In one of those amazing twists of fate, Rick Pitino’s team will begin its quest for a third national championship Thursday at Rupp Arena. UofL fans don’t relish the idea of playing in Lexington, recognizing the hostility that exists toward fans of the Louisville school. Most would rather not be there. A year ago, remember, UK students were out in the streets, setting cars on fire after defeating UofL two days before the national championship game.

Lexington is a short drive so many dedicated so concerned Cards’ fans will take their chances. Some won’t go because the games are there. For all of those who do, this will be a taking-care-of-business trip, not your typical road game. There won’t be any welcoming committees or red carpets in Lexington because UofL fans won’t be there long, spending as little money as possible.

Enjoy the plot lines and trust that the unfolding script has the ultimate ending, a happy ending that further crushes UK fans and pushes the rivalry to even higher levels. As for the trip to Lexington, get in, get out, with as little interaction between games with the natives as possible.

Louisville-Kentucky Rivalry At Boiling Point

by Paul Sykes

Has the Louisville-Kentucky rivalry spiraled out of control, reaching a dangerous point where aggression, mayhem and violence have replaced competition, pride and support?

Saturday was ugly. Early on, emotions were out of control, with potentially disastrous effects for anyone in the immediate vicinity, either in person at Rupp or at a publicly televised event.

Having attended over 30 different Louisville vs.
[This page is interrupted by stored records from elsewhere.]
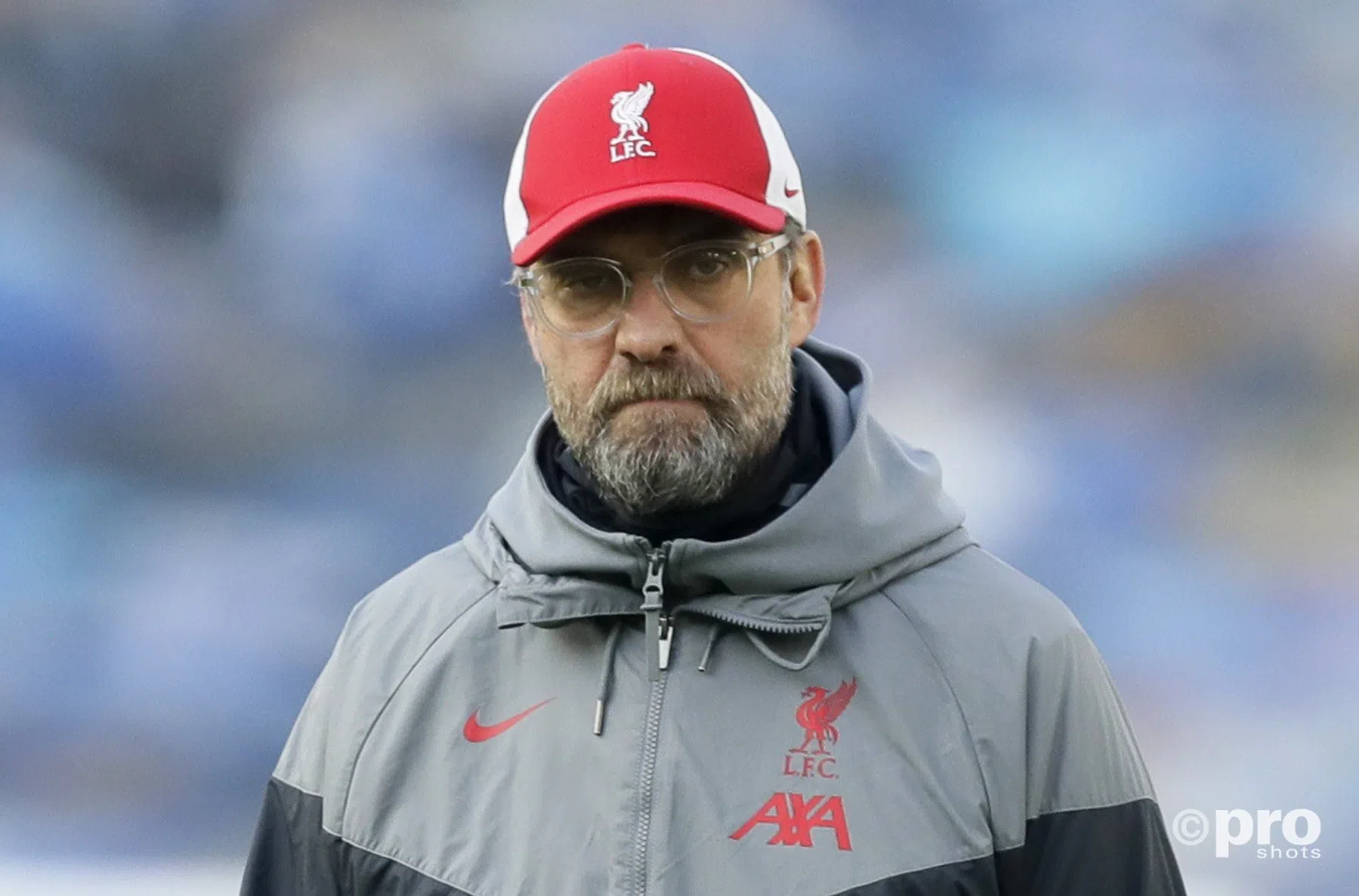 Drie lessen voor Ajax: zo doe je Liverpool pijn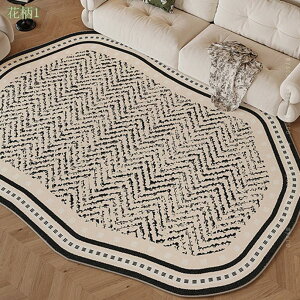 1000~OFFN[| J[ybg O O}bg ӂӂ픧 s` 3 RۖhL k  h ~ ϖՐ イ ~}bg NbV}bg I[V[Y 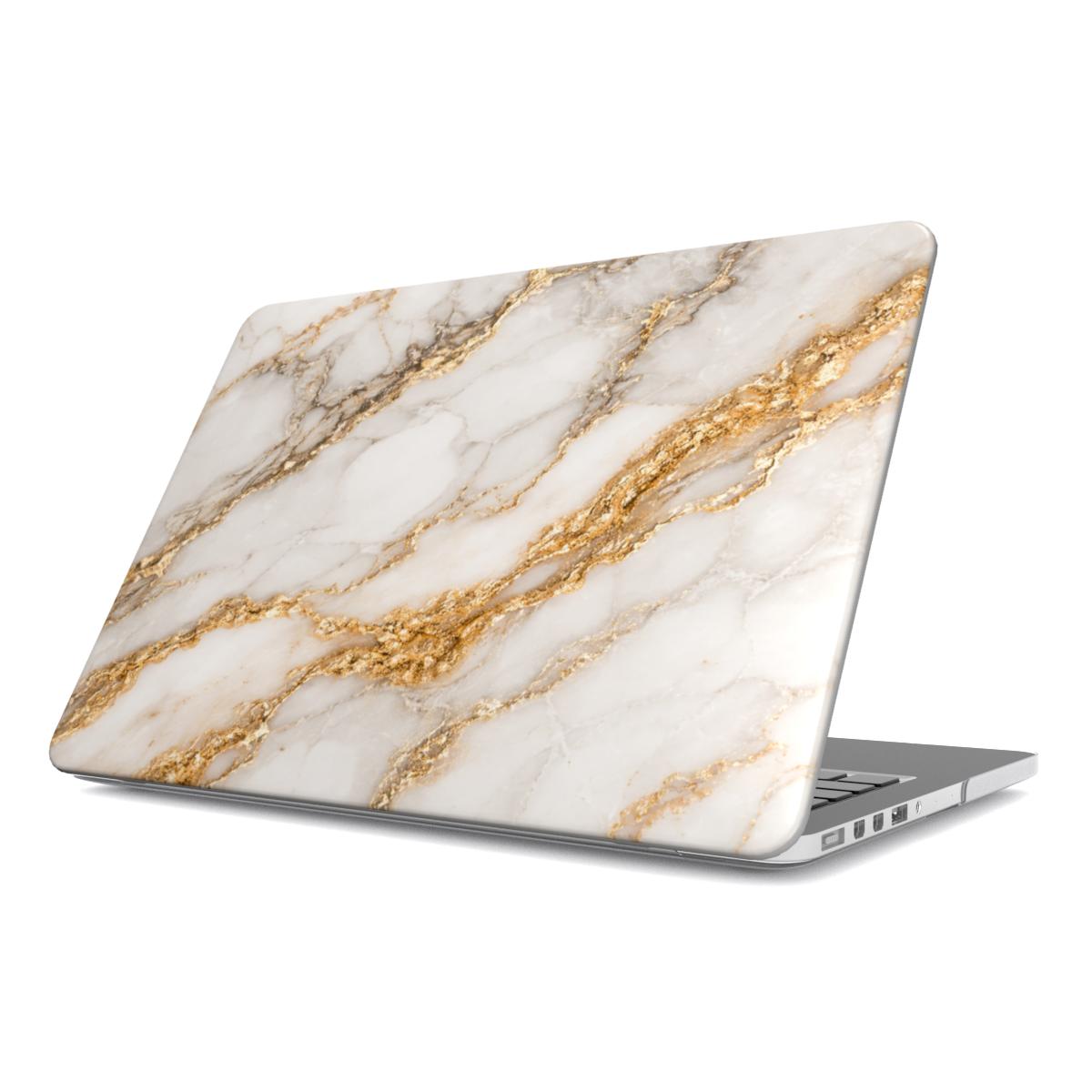 Luxe - MacBook Case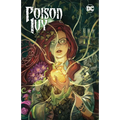 Poison Ivy Vol. 4: Origin of Species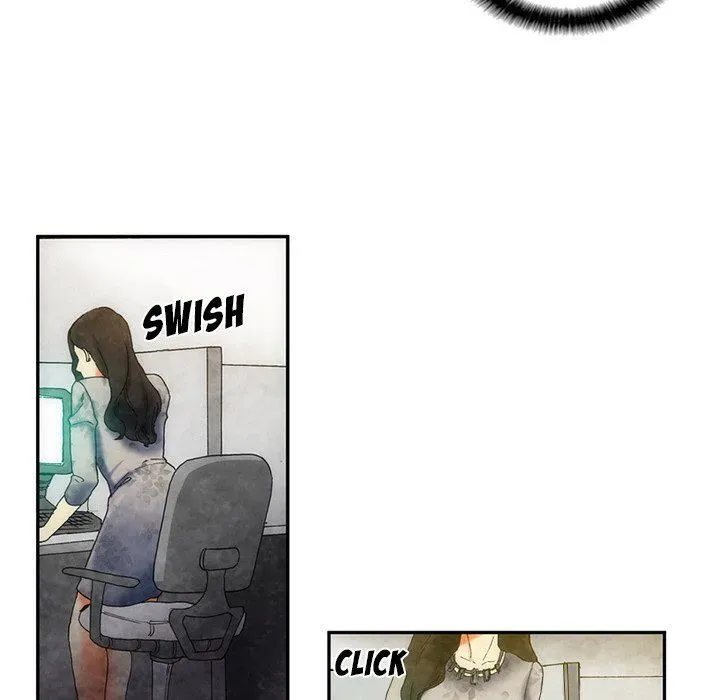 Miss Provocative Chapter 4 page 72 - 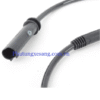 Cảm biến ABS trái phải BMW X3 X4 F25 F26-34526869292-345 3 Cảm biến ABS trái phải BMW X3 X4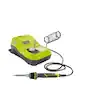 ONE+ 18V Hybrid Soldering Station (Tool-Only)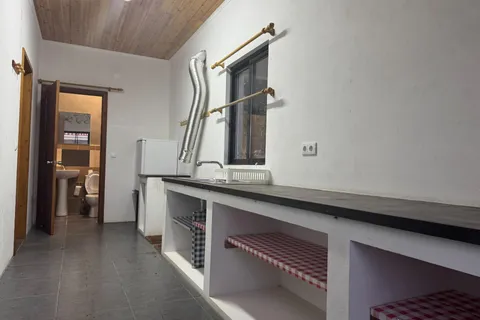 Byhus i Horta, Faial, Horta - € 510.000 | Ref: 1153 - foto 24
Kentucky events over the years, I’ve never seen so much hatred and contempt. Even Rick Pitino seems to be questioning the wisdom of continuing the basketball series.

Time to turn it down a notch, and that includes me. I had feelings of hatred, contempt and anger toward the home crowd. I reflect on this and have to ask myself…how did it get so out of control?

This is just athletics. These are students. We are neighbors and fellow citizens. There are more important and critical events unfolding in our lives, our society and our world. Call it a belated New Year’s resolution, but I pledge to be much more tolerant of the beliefs, support and loyalties of UK fans. Objectivity, rational thought and less criticism will be my guidelines.

One would hope that the fan bases of both schools, as well as the athletes, will do the same. There are many accomplishments for which both universities can be proud. It’s time to stop letting sporting events shape our attitudes.